## THE TASK:
From the first line to the last, restate the data exactly, leaving out the images.

## DATA:
______________________________

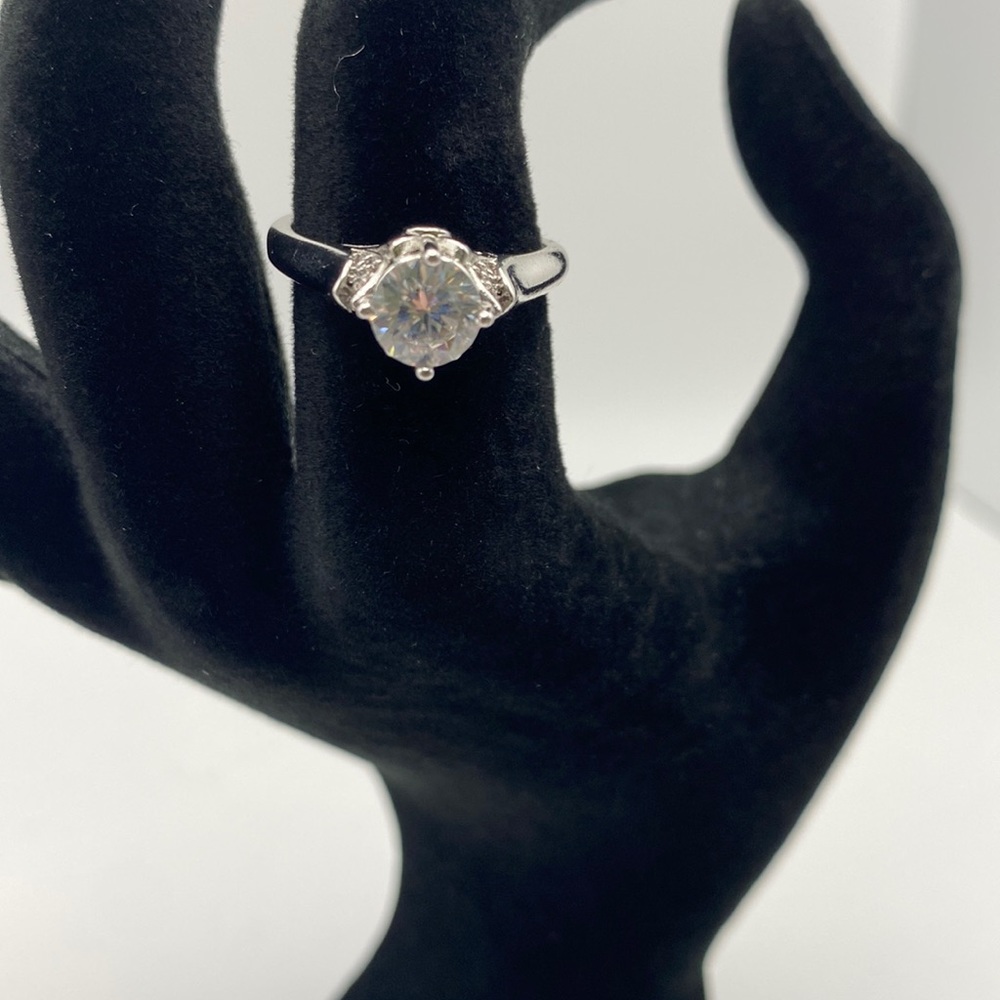 Beautiful Adjustable Silver Ring w/ Crystals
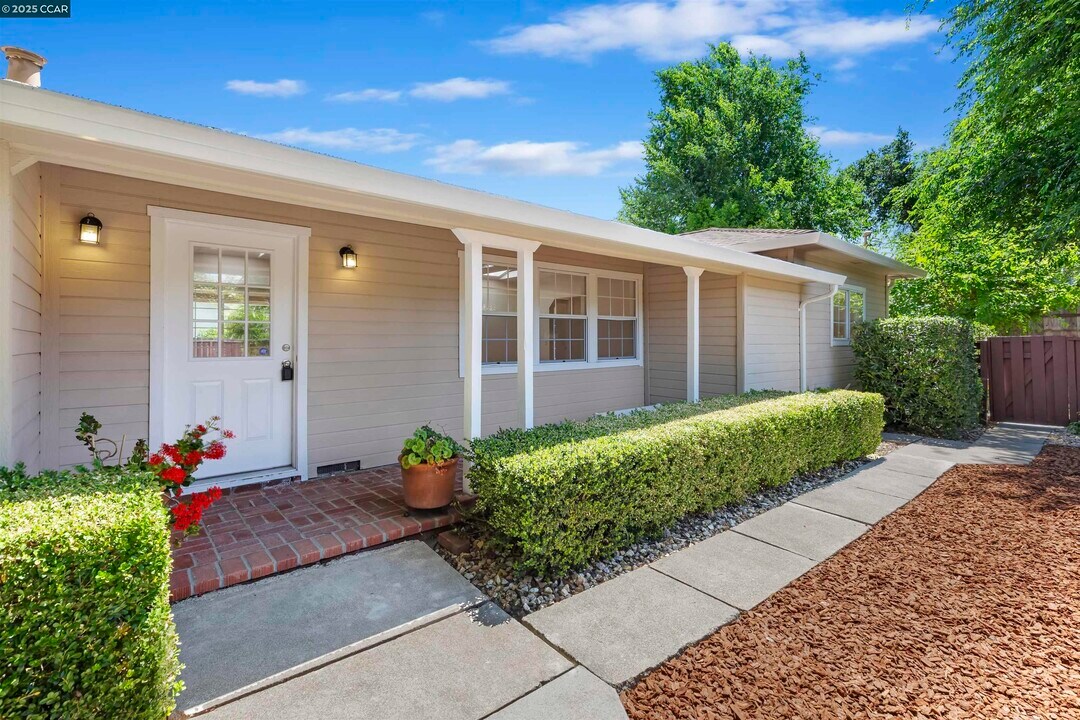 828 Bancroft Rd in Walnut Creek, CA - Building Photo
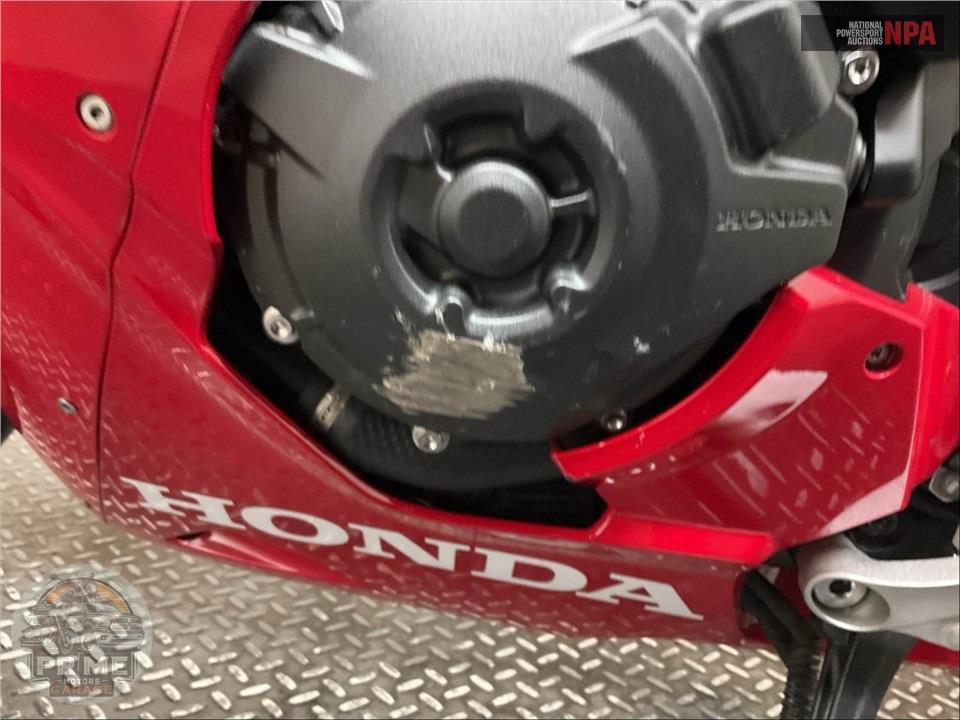2024 Honda CBR1000RR ABS — фото 10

______________________________

## RESPONSE TO THIS EXERCISE:
 Beautiful Adjustable Silver Ring w/ Crystals
 828 Bancroft Rd in Walnut Creek, CA - Building Photo
2024 Honda CBR1000RR ABS — фото 10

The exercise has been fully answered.